◆ **Input records**
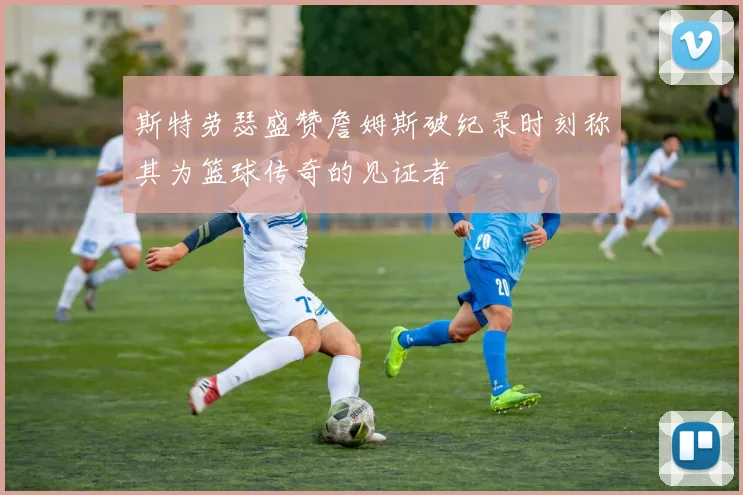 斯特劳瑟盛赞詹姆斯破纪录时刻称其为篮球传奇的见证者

* * *

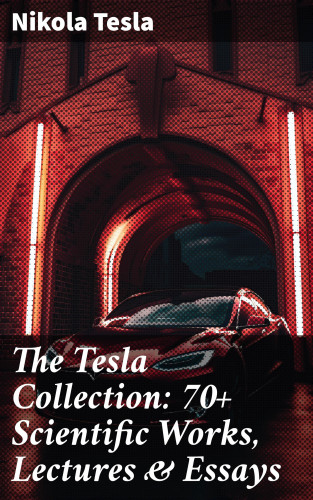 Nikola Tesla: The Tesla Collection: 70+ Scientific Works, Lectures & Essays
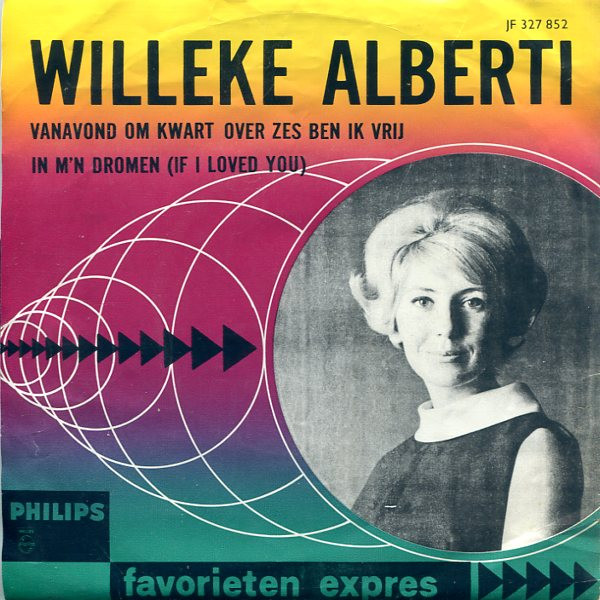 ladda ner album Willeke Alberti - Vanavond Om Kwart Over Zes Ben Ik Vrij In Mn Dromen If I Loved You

◆ **Goal of the exercise**
Above, find the line holding "Nikola Tesla: The" and the line holding "ladda ner album". Print exactly those two lines and every line between them, but no pictures.

◆ **Response**
 Nikola Tesla: The Tesla Collection: 70+ Scientific Works, Lectures & Essays
 ladda ner album Willeke Alberti - Vanavond Om Kwart Over Zes Ben Ik Vrij In Mn Dromen If I Loved You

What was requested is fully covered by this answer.